So anywhere I look for router performance on OpenBSD, all the benchmarks
are on small lines or old machines. I also see mentions of people using
it in large scale installations, which is what I'm looking to do. I
thought I'd ask here and see what people have done.

I have 2 GigE lines from different providers balanced via BGP with full
routes from both providers. Currently, these are running through a
Linux/Quagga/Iptables router/firewall with a P4 3.2 GHz. The distro is
Gentoo, and we've stripped it down quite a bit.

We're pushing streaming video, so it's almost all outbound traffic by
about a 30:1 factor, and our average packet size is quite large - around
1200 bytes. At the moment, when we hit about 350Mbps, the router gets
to ~30% CPU usage, and it appears that we stop being able to pass all
the traffic at full speed. I don't see packet loss, but our traffic
graph flattens a good bit. At those rates, we also start to see
crashing, but we haven't been able to figure out the exact cause of
those either.

So, long story short, I need a new router. We've looked at Cisco, etc.
and for what we're doing, it looks like we need a carrier class router.
I can get a decked out 12008 for about $8k, but I'd rather not spend
that much, or use the 2 feet of rack space.

I've used OpenBSD/PF for firewalls in the past, and loved them, so I'd
like to use it for a router if it can handle what we need. Basically, I
need to be able to saturate both of those GigE lines. I'm willing to
buy the brand-newest hardware - the PCI express bus should be able to do
2.5 Gbps, but I can't find anything that says I can push that much
through software.

I was also looking at the Intel I/O Accelerator, but I didn't see if
there was OpenBSD support for it. I'm sure if there is, that would help
get me to be able to push the traffic I want to.

A long explanation, but I'm just hoping someone could give me some
insight here.

Alex Thurlow
Technical Director
Blastro, Inc...

To: <misc@...>
Date: Thursday, February 22, 2007 - 6:51 pm

I don't have the faintest clue about that kind of speed, and the old box
next to me would probably faint if showed these numbers. Still, some of
the stuff below, while tangential, might be useful.

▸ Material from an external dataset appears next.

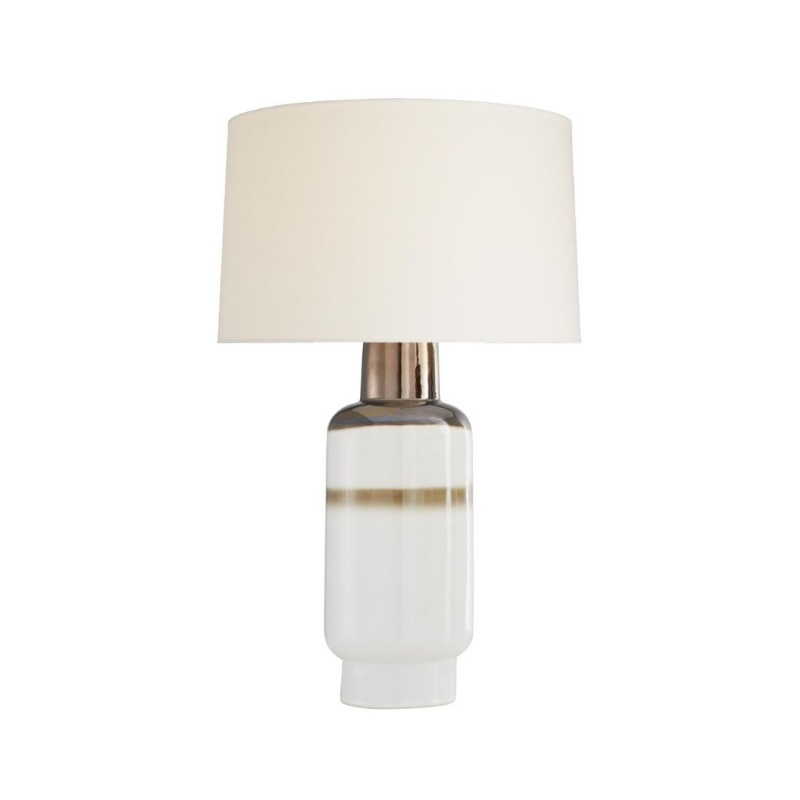 Arteriors 15072 Quinn 1-lt 30" Tall Table Lamp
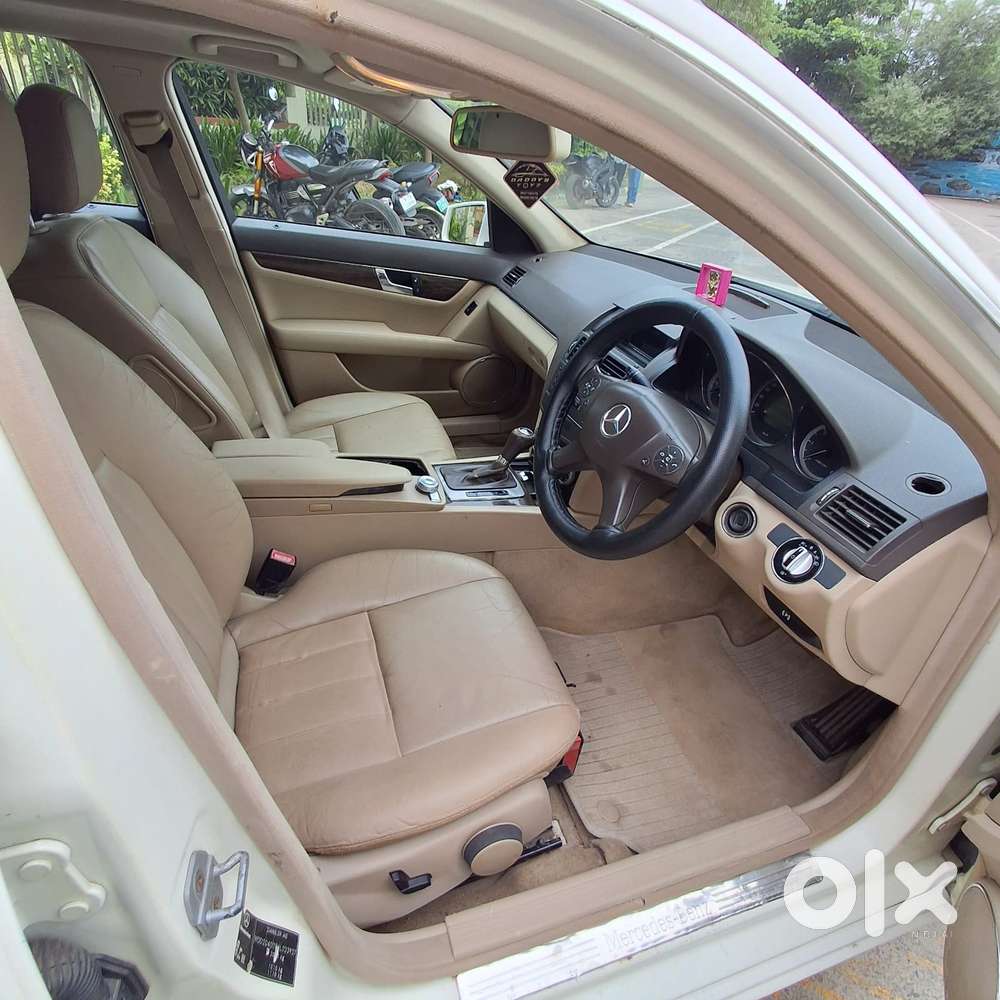 Mercedes-benz C-class 2.1 C220 Cdi Elegance, 2010, Diesel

OpenBGP, by any right, should not be a problem if you are not doing
anything grossly stupid (like trying to run this in 8 MB of memory). The
intel accelerator you mention is not supported, so that wouldn't help
any.

The one point I miss is failover capability; both the Cisco and OpenBSD
should be able to do this, but it's worth noting - and having.

Joachim

To: <misc@...>
Date: Wednesday, February 21, 2007 - 11:52 pm

I just wanted to ask this question to misc@. My situation is
100Mbps/100Mbps that is needed to be managed. I need bandwidth
management and I want to ask if someone has such experience. I plan to
implement it on OpenBSD. Any recommendations?

Shohrukh

To: <misc@...>
Date: Thursday, February 22, 2007 - 6:52 pm

Yes, please don't piggyback on unrelated threads.

Joachim

To: <misc@...>
Date: Wednesday, February 21, 2007 - 7:41 pm

well... "it depends".
we have a router at a customer that I have seen peaking above 750
MBit/s, and that was with relatively "mean" traffic (i. e. not all nice
big packets). so I'd say there is a realistic chance to get reasonably
close (and if everything else fails, you can still split outgoing over
two or so).
naturally, that requires somewhat carefully selected hardware, and
these are ones of the very few machines I run where we do not go for
GENERIC.* for a reason.

--
Henning Brauer, hb@bsws.de, henning@openbsd.org
BS Web Services, http://bsws.de
Full-Service ISP - Secure Hosting, Mail and DNS Services
Dedicated Servers, Rootservers, Application Hosting - Hamburg & Amsterdam

To: Henning Brauer <lists-openbsd@...>
Cc: <misc@...>
Date: Wednesday, February 21, 2007 - 9:34 pm

What are the main changes you make to GENERIC Henning?

---
Liam J. Foy
<liamjfoy@netbsd.org>

To: <misc@...>
Date: Wednesday, February 21, 2007 - 7:38 pm

The issue as explain in the archive many times is not the level of
traffic, but the number of packets per seconds you pass and it's based
also on good network cards. Many can do in the 500mbps with their
OpenBSD router and more without to much issues. But again, what is the
limit is the pps, not the bps. S, if all your packets are in the 1200
bytes as you put here, you sure can test it with one OpenBSD and you
sure should have no issue with good decent hardware, but more
importantly, good network cards. That's really the key here.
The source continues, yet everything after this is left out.